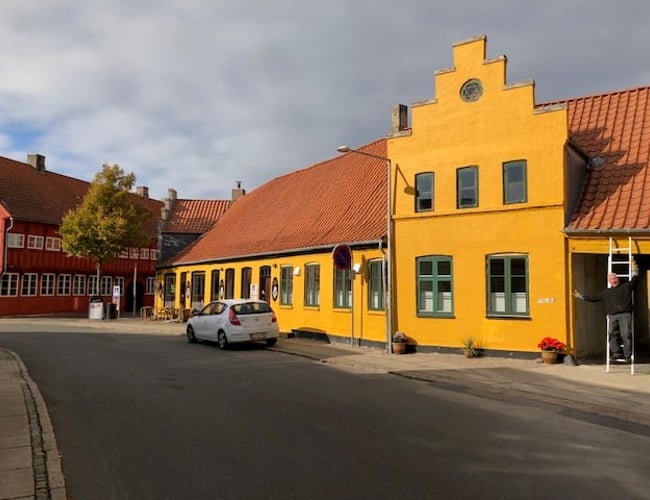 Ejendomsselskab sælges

=-=-=-=-=

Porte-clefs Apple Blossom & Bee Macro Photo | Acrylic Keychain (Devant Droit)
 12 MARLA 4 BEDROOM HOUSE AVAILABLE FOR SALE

=-=-=-=-=

● Exercise requirements: In the listing above, find the line containing "Porte-clefs Apple Blossom" and the line containing "12 MARLA 4 BEDROOM HOUSE AVAILABLE FOR SALE", then repeat those two lines and everything between them exactly.

● Solution for this problem:
Porte-clefs Apple Blossom & Bee Macro Photo | Acrylic Keychain (Devant Droit)
 12 MARLA 4 BEDROOM HOUSE AVAILABLE FOR SALE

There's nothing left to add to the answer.